Here’s the pricing structure for Standard ElasticPools
The closest match to the 4x Single Instance S1’s with 80 DTUs is is the 100 eDTU pool which costs almost double at $224.75 per month and comes with a smaller 100GB max for each DB, however the tradeoff is each DB can now access up to the full 100 EDTUs. If we need custom DB’s for the application we can add them into the pool at no extra cost.
So, it’s kind of a decision of paying extra for flexibility and more performance with ElasticPools vs lower cost and performance limitations with single instances. As you know, Premium is even more expensive but what about Premium RS with ElasticPools?
Microsoft mentions a lower SLA but doesn’t actually define it. This tech is in preview, so I’m expecting when it’s GA, an SLA will be announced. But, I’d be surprised if it’s lower than 99.9 percent, which for the most part I’d say is acceptable for many customers.
So, what does a 125 eDTU Pool cost exactly?
$55 per month more than Single Instances but we now have even more performance, the main trade off being we now have one Primary and one Secondary vs the four Secondary replicas in the other tiers. For the most part, I’d say we have a winner.
I’ve performed tests using a 250 eDTU ElasticPools with Sitecore and found with 2x DS3 v2 VM’s under a heavy load, Sitecore was performing similarly to using S3’s for Web and Master but at a lower cost and lower latencies. I even started a full smart publish during a jMeter load on the CD’s and found I maxed out at 245 eDTU’s across all 4 DB’s. Web was running around 125 eDTU’s at it’s peak, Analytics around 40 eDTU’s and MASTER around 80 eDTU’s finally core was mostly around 0 but with peaks up to 10 eDTU’s.

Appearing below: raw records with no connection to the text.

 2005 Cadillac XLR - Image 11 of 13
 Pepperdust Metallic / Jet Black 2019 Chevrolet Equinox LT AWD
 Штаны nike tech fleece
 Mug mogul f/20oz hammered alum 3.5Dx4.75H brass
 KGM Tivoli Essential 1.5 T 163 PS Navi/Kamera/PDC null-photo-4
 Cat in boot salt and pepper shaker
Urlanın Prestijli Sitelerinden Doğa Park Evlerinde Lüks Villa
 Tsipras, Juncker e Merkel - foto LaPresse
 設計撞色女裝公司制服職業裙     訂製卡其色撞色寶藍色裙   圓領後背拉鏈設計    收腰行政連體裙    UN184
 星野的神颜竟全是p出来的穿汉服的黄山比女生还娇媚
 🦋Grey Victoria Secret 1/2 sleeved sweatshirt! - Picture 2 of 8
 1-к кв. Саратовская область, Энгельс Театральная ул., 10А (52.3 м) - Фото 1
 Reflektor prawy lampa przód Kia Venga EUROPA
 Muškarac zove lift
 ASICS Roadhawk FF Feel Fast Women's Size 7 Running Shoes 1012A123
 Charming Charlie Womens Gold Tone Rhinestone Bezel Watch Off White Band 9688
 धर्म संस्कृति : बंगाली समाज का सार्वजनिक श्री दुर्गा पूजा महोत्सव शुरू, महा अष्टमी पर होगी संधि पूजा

Note: my laptop recently died on me and I lost the benchmarks I had on my desktop folder (I know I know, I should of copied them to Cloud Storage) so I’m explaining this last part from memory.
As you can probably guess, I quite like Premium RS, so let’s discuss how you can estimate the amount of DTU’s you’ll need. Thankfully JUSTIN HENRIKSEN, an engineer at Microsoft, has figured a lot of the hard work out for you. Just follow the process laid out at http://dtucalculator.azurewebsites.net and it will explain what your average and peak DTU’s are from your own Sitecore environments.
I’ll wrap up with a few gotchas. If you’re using Azure SQL Single Instances in the Standard Tier, don’t use Azure SQL for Session State, you’re limited to 600 concurrent connections. Premium raises this limit to 30k but I’d personally say stick to Redis. I think that’s the reason the Managed Cloud Topologies I mentioned above use Redis and not Azure SQL for session state.
If you’re thinking of moving to Azure SQL, remember it’s 8.2 onwards only, so you’ll have issues if you try to use Azure SQL with 8.1 or below and it’s not supported by Sitecore with 8.1 or below.
You can restrict Azure SQL to only allow certain IP’s to access it, which works great for Sitecore hosted on VM’s, but for Sitecore on Azure PaaS using Azure WebApps, you won’t know the CD IP addresses if you’ve got Autoscale enabled, so there’s a challenge there to figure out. You could lock it down to the Azure Public IP Address ranges but that’s a very wide range and other Azure customers would still be allowed to try and connect to Azure SQL. The databases are however username and password protected, so using a system generated username and password is highly recommended to avoid brute force attacks.
Finally you might need to refactor some code if you’re hitting SQL a lot with your Sitecore solution. One approach I’ve noticed is to index the data with a search engine and query that instead. If you schedule the indexing to run during off peak hours, you’ll mitigate impacting end user performance during peak hours and potentially be able to drop a Azure SQL pricing tier or two.
I suspect many customers can move to Azure SQL, but it does come with limitations. Above a 1000 eDTU Premium RS ElasticPool I suspect you’ll be better off with SQL Server, but for those where it is a good fit you can save a lot of money vs SQL Server.